# Kubota L245



## paver4us (Jul 16, 2008)

Hello,

I just recently purchased a Kubota L245 with 1,000 hrs , manual transmission no attachments for $2500.00. Do you think thats a good deal?Now for the problem, Ha!, I went to hook up the bush hog to the tractor and did so with no problem. Unfortunately, the lift doesn't seem to go up as high as it needs to.The lift seems to good and strong just doesn't seem to want to go up high enough. I adjusted the top link bar every way I could think of and no luck. I adjusted the draft control button under the seat, but that didn't help either. I don't think there is much wrong but I could be mistaken. Anyone got any ideas?
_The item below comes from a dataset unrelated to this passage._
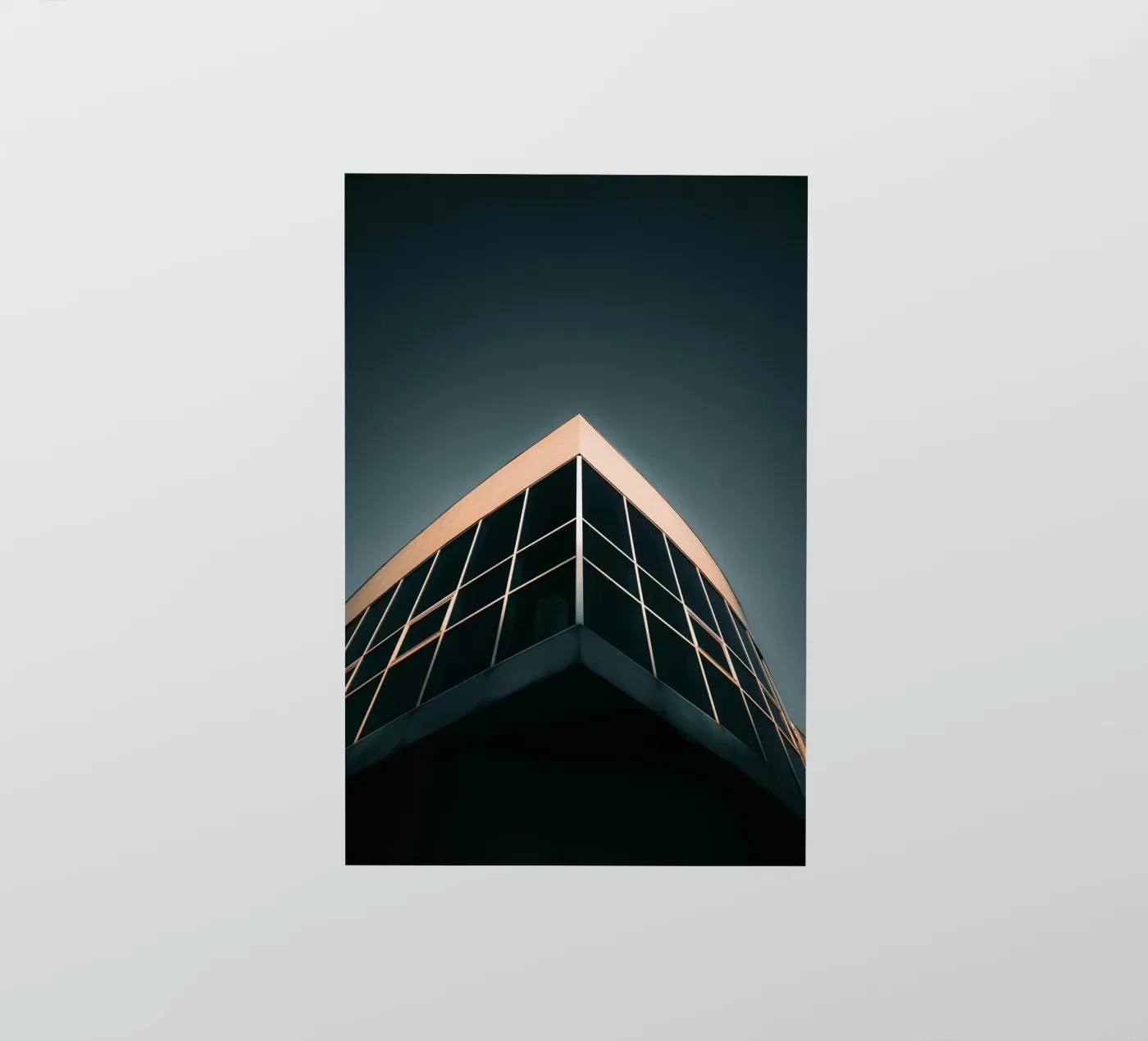 Edificio di luce adesivo da Earthly Visions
I also need a manual.

Thanks
Scott


----------



## Live Oak (Dec 22, 2003)

Have you checked to make sure the 3 pt. hitch lift lever has full range of movement. Nothing blocking full up? 

Tractor Smart may have an operator's manual. They are tough to find. 

http://www.tractorsmart.com/


----------



## Razent (Oct 22, 2008)

As for the price I think you got an EXCELLENT DEAL! 

As for the manual you see where they are offered on here but "good Luck" in receiving it! The 3pt issue is a common one with many The 245 is a small tractor and uses a light weight 5ft size bush hog or so. 

Let me know if you come up with a downloadable service manual or you actually get the one offered on here.


----------



## mark777 (Jul 23, 2004)

You may want to check the 'wingnut' stop located on the draft control. Some people have actually moved and tightened them and forgotten about it.


----------